Computing per sample gradient w.r.t. last layer's parameters

Hi everyone,

I’m trying to implement importance sampling based on into my PyTorch project.

My code:

size = len(dataloader.dataset)
for batch, (X, y) in enumerate(dataloader):
    X, y =,
    pred = model(X)

    # Compute per sample loss
    per_sample_loss_fn = torch.nn.CrossEntropyLoss(reduction='none')
    per_sample_loss = per_sample_loss_fn(pred, y)

    # Compute per sample gradient w.r.t. the last layer
    last_layer_params = model.lin3.parameters()
    per_sample_last_layer_grads = torch.autograd.grad(per_sample_loss, last_layer_params)
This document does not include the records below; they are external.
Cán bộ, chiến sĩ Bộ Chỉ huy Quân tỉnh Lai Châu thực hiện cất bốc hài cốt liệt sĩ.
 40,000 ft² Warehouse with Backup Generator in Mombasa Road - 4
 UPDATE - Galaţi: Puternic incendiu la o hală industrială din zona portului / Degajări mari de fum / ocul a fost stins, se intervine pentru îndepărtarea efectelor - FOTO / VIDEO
    # Compute prediction error
    loss = loss_fn(pred, y)

    # Backpropagation

I am getting the following error when computing the per sample gradients w.r.t. the last layer:

  File "/home/stdmichal/.pycharm_helpers/pydev/_pydev_imps/", line 18, in execfile
    exec(compile(contents+"\n", file, 'exec'), glob, loc)
  File "/tmp/pycharm_project_451/", line 128, in <module>
    idx, scores = train(train_dataloader, model, loss_fn, optimizer)
  File "/tmp/pycharm_project_451/", line 46, in train
    per_sample_last_layer_grads = torch.autograd.grad(per_sample_loss, last_layer_params)
  File "/home/stdmichal/miniconda3/envs/pytorch_env/lib/python3.7/site-packages/torch/autograd/", line 218, in grad
    grad_outputs_ = _make_grads(outputs, grad_outputs_)
  File "/home/stdmichal/miniconda3/envs/pytorch_env/lib/python3.7/site-packages/torch/autograd/", line 50, in _make_grads
    raise RuntimeError("grad can be implicitly created only for scalar outputs")
RuntimeError: grad can be implicitly created only for scalar outputs

I found some similar problems (1, 2) but I am not trying to compute the whole backprop as in 1 nor can I reduce the loss as I need per sample gradients to determine sample’s importance.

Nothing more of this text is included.